Il y’a trente ans, la presse ne connaissait pas le marasme dans lequel elle patauge actuellement. La construction sociétale de l’époque était un terreau fertile à l’engouement vis-à-vis de la presse. Niveau d’éducation élevé, attrait pour la culture et accessoirement pour la lecture, autorité des institutions autant de facteurs propices au quatrième pouvoir. Puis.
Est survenue la transformation de la société sénégalaise.
Elle est devenue une société de divertissement. Elle voit l’affaissement de l’autorité des institutions (famille, école, religion, Etat), le recul du niveau scolaire, l’introduction de programmes culturels tout sauf éducatifs. Du coup. Le logiciel des années 90 cède la place à une conception de la société essentiellement récréative. On préfère passer du temps à « scroller » sur les réseaux sociaux à la recherche de contenu distractifs que de lire et plus généralement de s’enrichir intellectuellement.

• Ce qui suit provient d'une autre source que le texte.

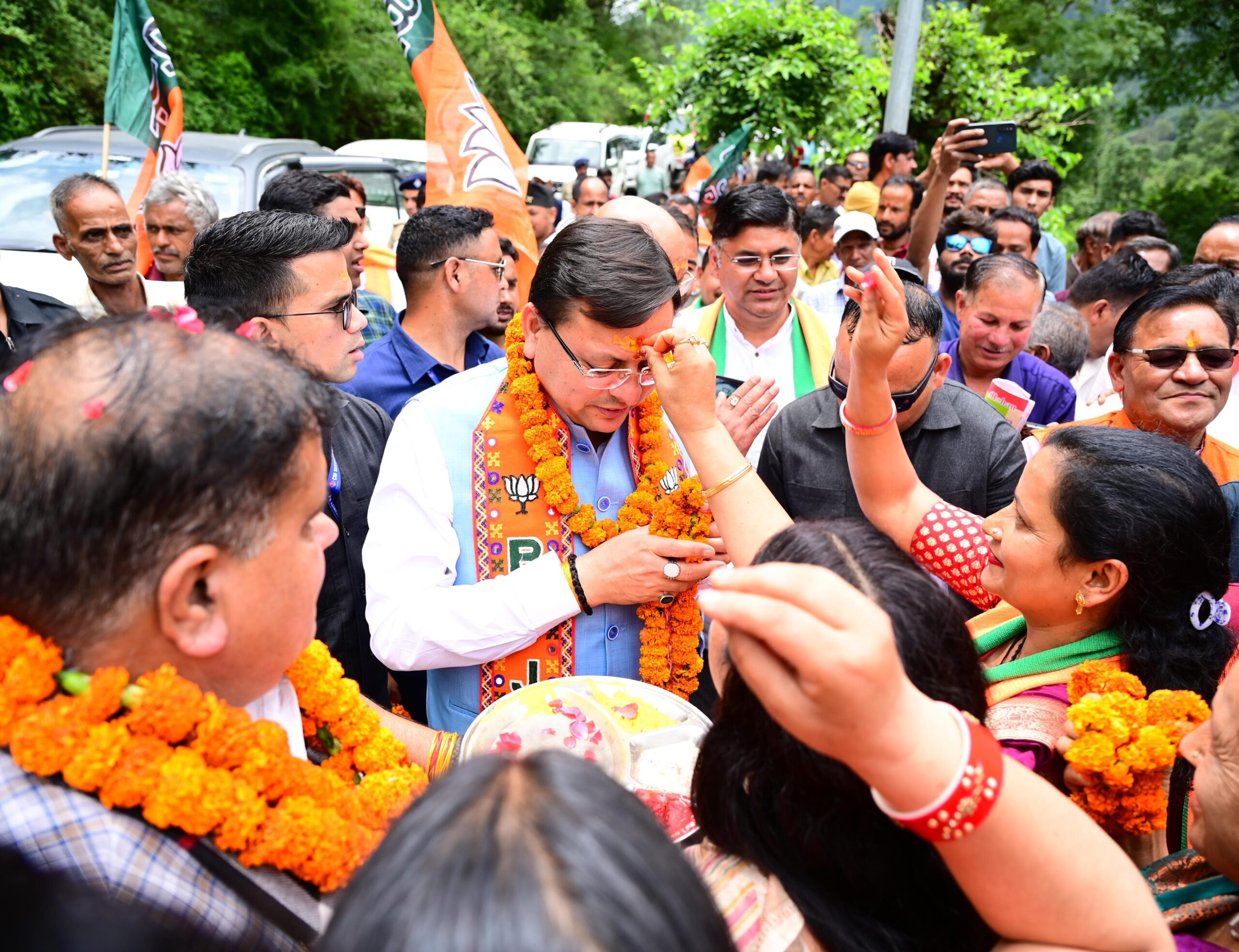 मुख्यमंत्री  पुष्कर सिंह धामी ने बैरांगना, चमोली में भाजपा प्रत्याशी  राजेन्द्र भण्डारी के पक्ष में आयोजित जनसभा को किया संबोधित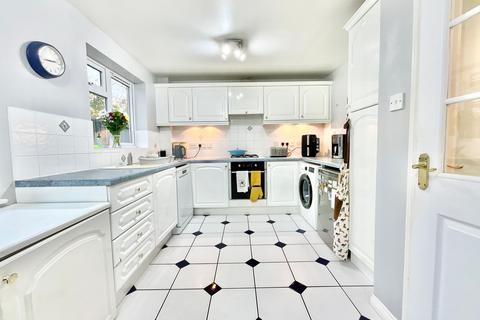 4 bedroom detached house for sale, Stokesay Drive, Stoke-On-Trent ST10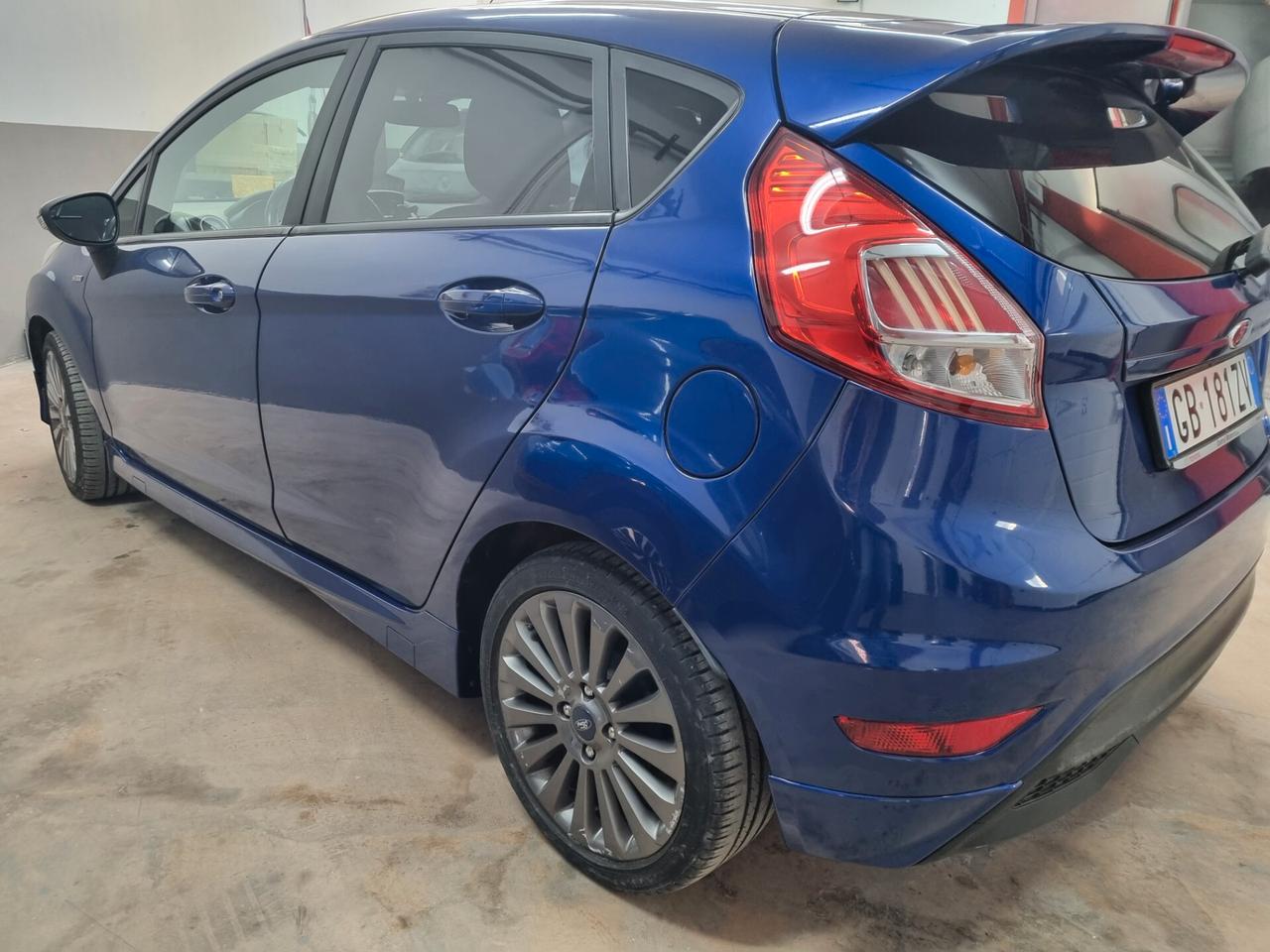 Ford Fiesta 1.5 TDCi 5 porte ST-Line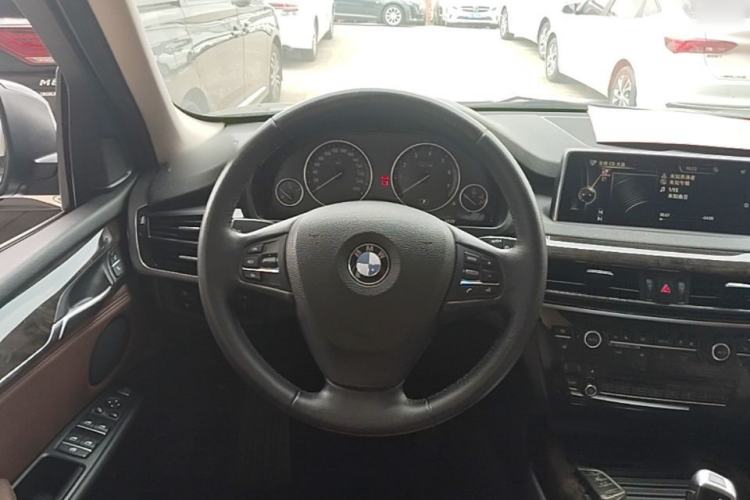 Used BMW X5 2014 xDrive35i Elegant Edition Steering Wheel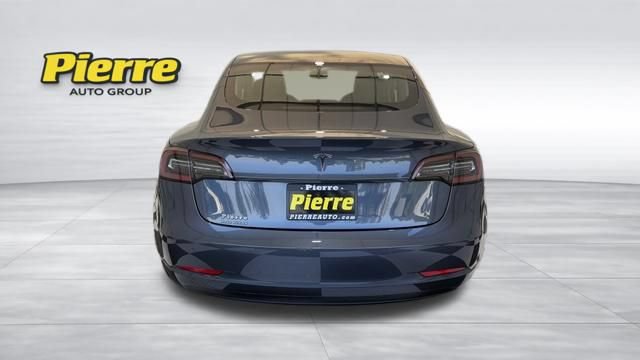 Used 2020 Tesla Model 3 Standard Range Plus RWD image 3
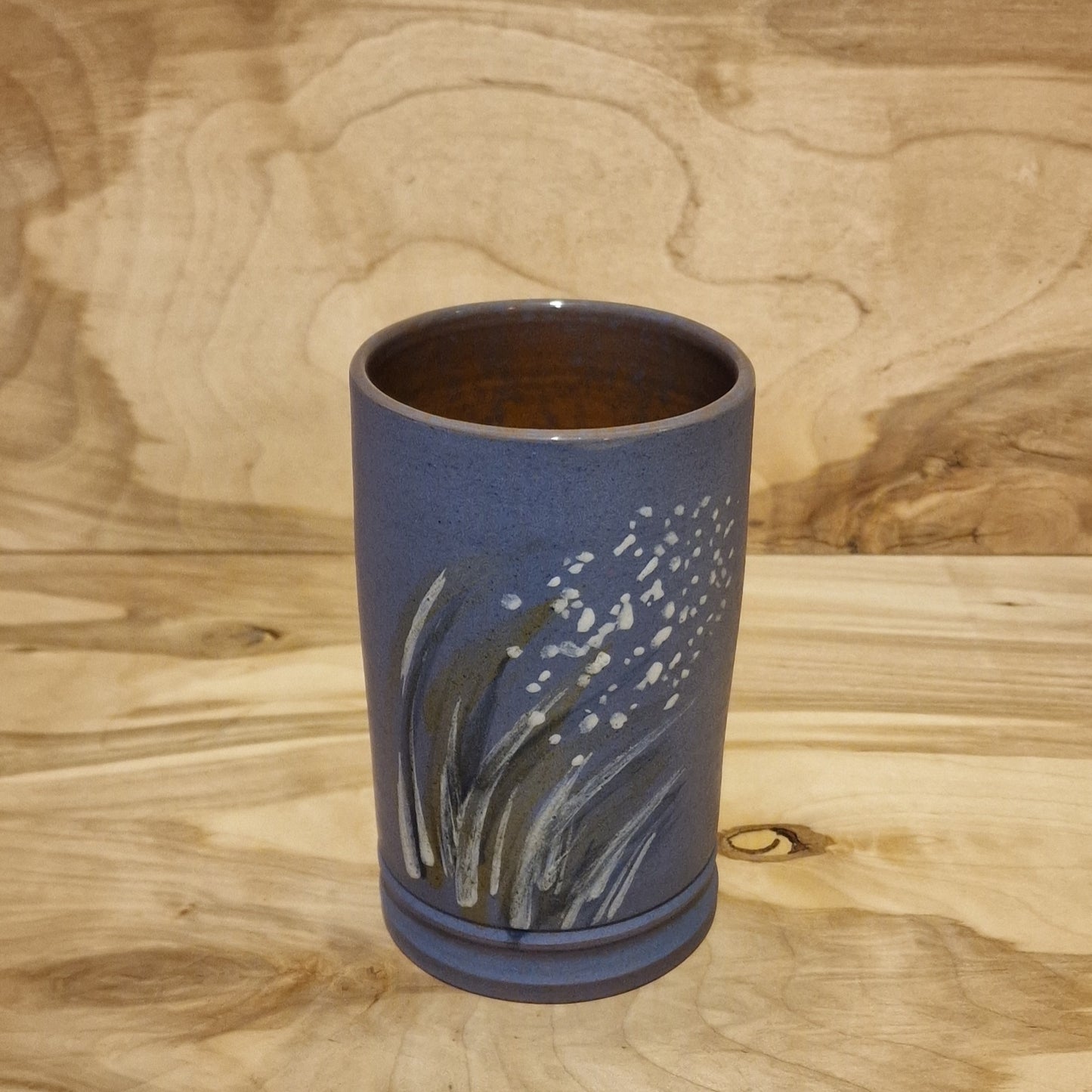 Blue clay vase with a decorative pattern (MASP 38)
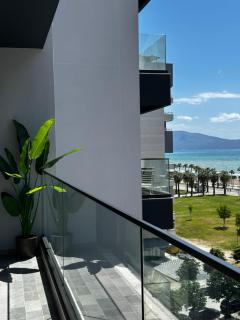LARIMAR Lungomare Vlore - Vlorë - 0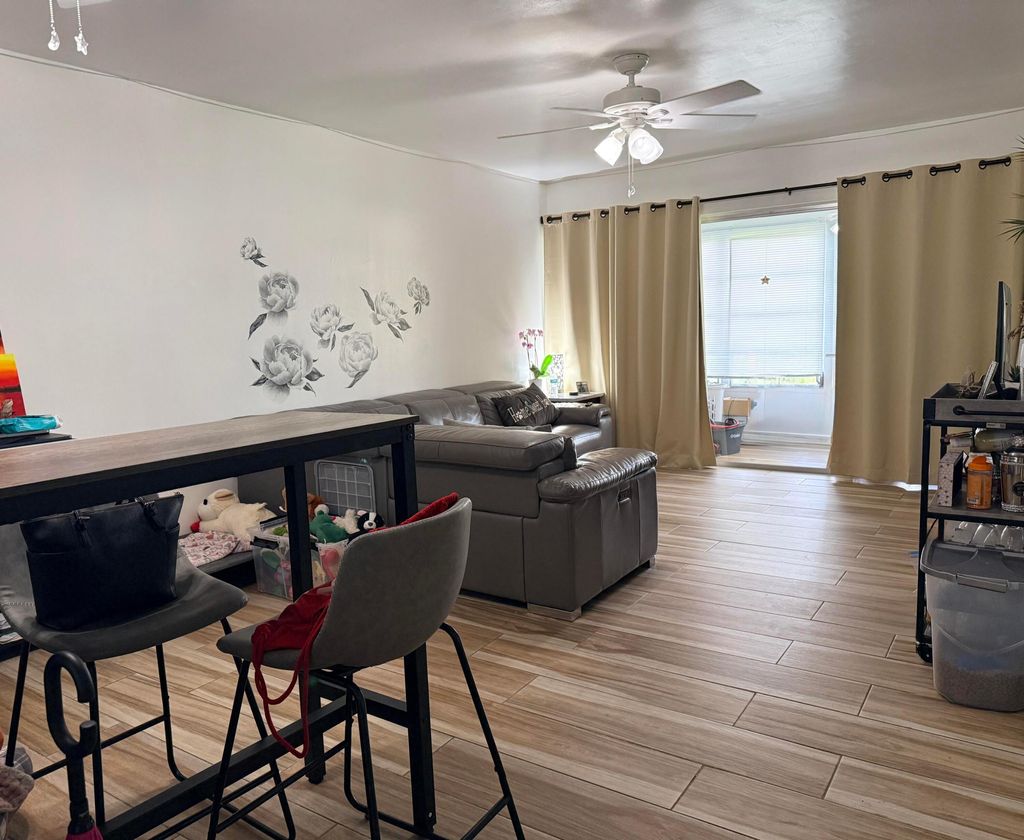Photo of 500 Davis Road #26, Palm Springs, FL 33461 (MLS # B26013933)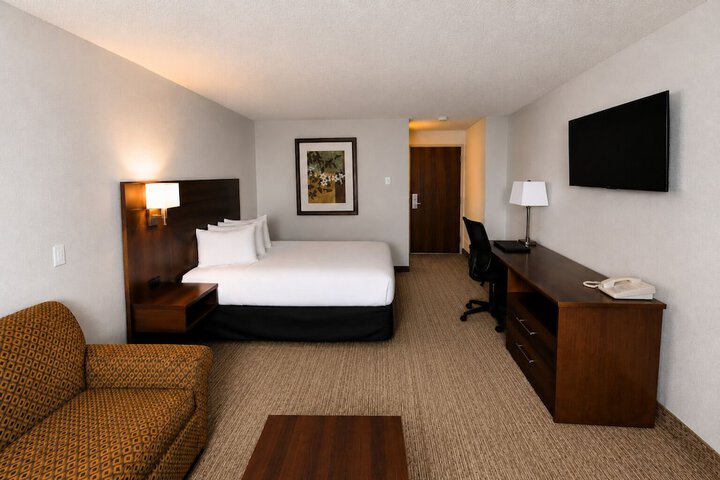 Service Plus Inn & Suites Grande Prairie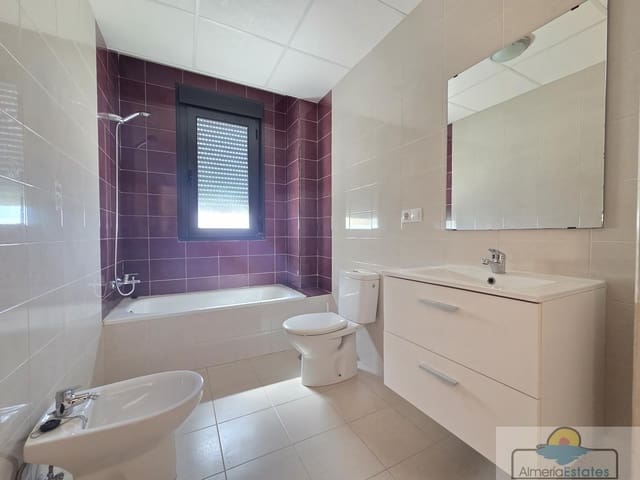 3 slaapkamer Flat te koop in Albox - € 98.000 (Ref: 9858145)
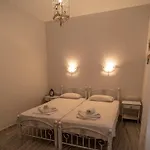 Manthos Place Lägenhetshotell 3*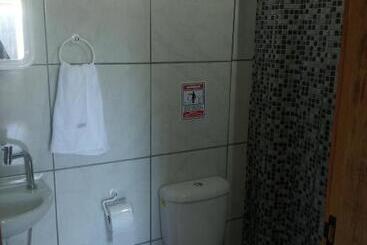 Casa Do Mochileiro Airport Hostel & Pousada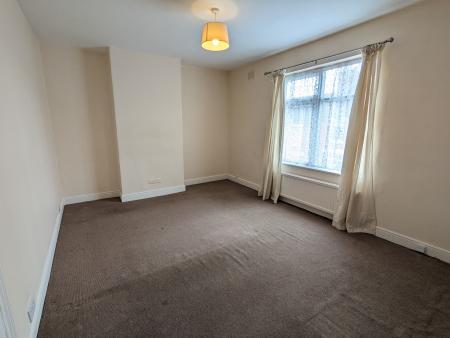 2 bedroom Terraced House to let in Lancaster Road, Kettering, NN16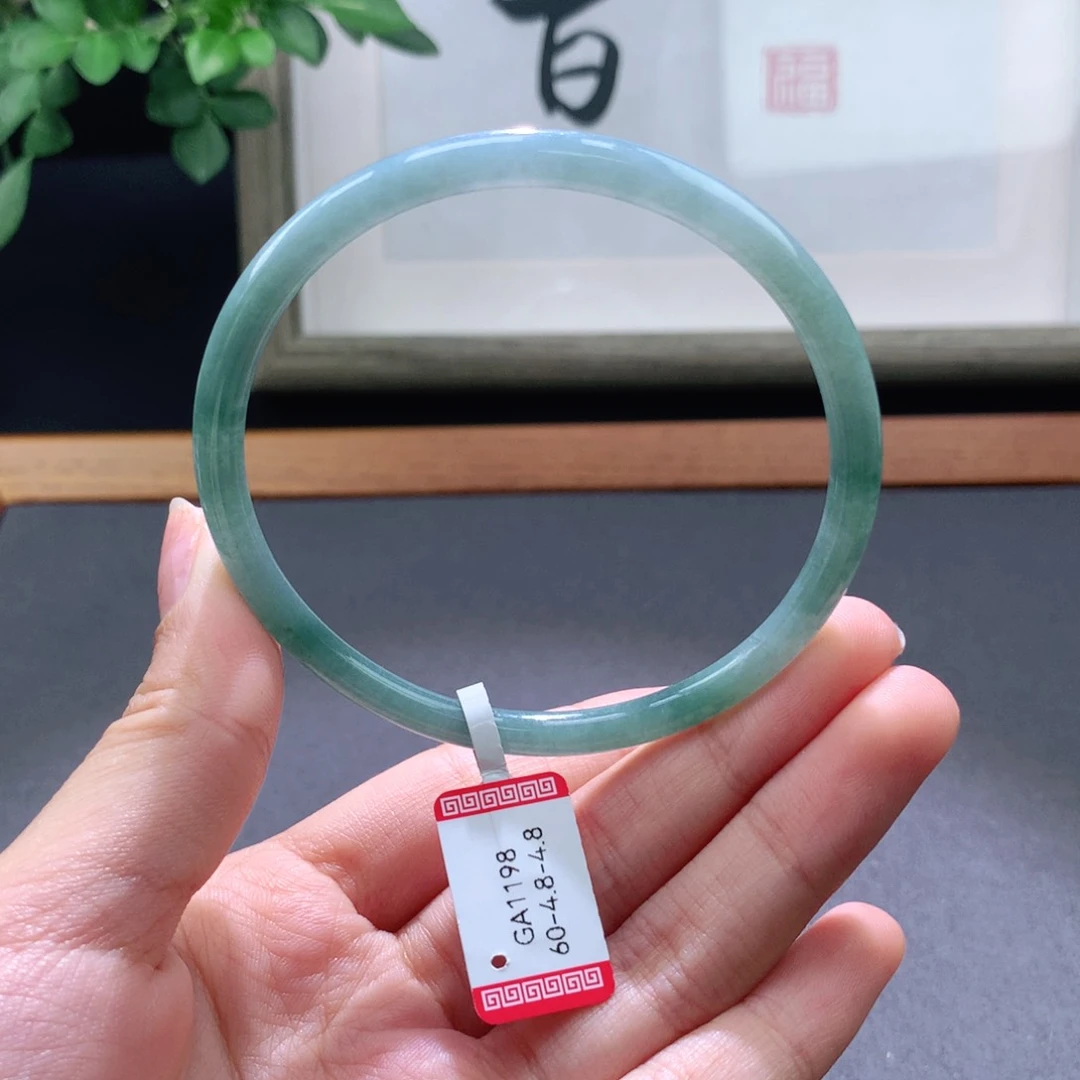 翡翠手镯未镶嵌天然翡翠手镯叮当镯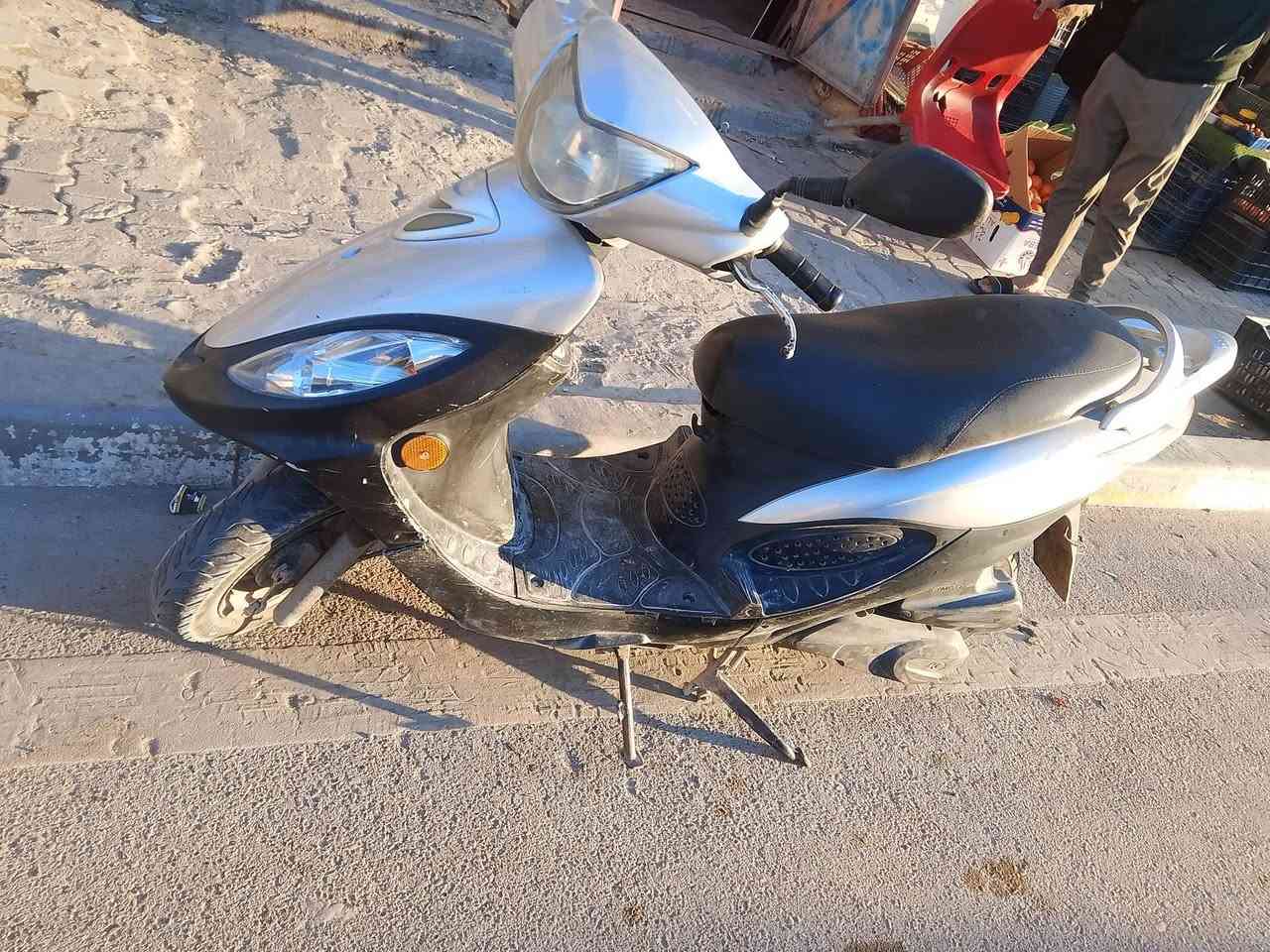 سلام عليكم دراجه نضيفه حيل بس وصخه ماخاسله دراجه كامكو
مكينه خير من الله متواسي عل بيعه 
دراجه كامله  500 بيه مجال بكان بغداد الحرية  
***********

Face à cette nouvelle architecture sociétale, la presse dite traditionnelle accuse le coup.
Dans le sillage d’Internet, le second écran (tablettes, smartphones) a fait son apparition. Avec lui, un nouveau type de contenu inspiré des créations Netflix et plébiscité par les nouvelles générations. Ainsi. Pour éviter le couperet du zapping, une information doit incorporer un soupçon de divertissement. L’omniprésence du second écran combinée à la floraison de sites d’informations de tout genre, de Web Tv, aux réseaux sociaux signent le déclin des journaux papier et plus largement de la presse traditionnelle. Ces sites d’information pour la plupart friands de sensationnalisme, ont fini par rassembler une large audience autour d’eux parce que le contenu proposé colle à l’air du temps. Une information facile à consommer et généralement dénuée de fonds. Pour la plupart des rédactions qui composent les rédactions des sites d’information, la formation journalistique est soit absente soit bancale. Conséquence. Multiplication des « fake news », primauté de la quantité sur la qualité, absence de maîtrise de la langue française. Face à un public quasiment peu regardant sur le traitement de l’information, ces manquements ne soulèvent guère de questionnements ou de critiques. L’attention que concentrait jadis la presse traditionnelle s’est lentement glissée vers les réseaux sociaux, des sites d’information pas très à cheval sur la rigueur journalistes. Dans l’un de ses discours, l’ancien Président Macky Sall pointait la transformation de l’information en prenant exemple sur la manière dont se pratique aujourd’hui la revue de presse. En effet, celle-ci ressemble plus à un sketch qu’à un exercice journalistique.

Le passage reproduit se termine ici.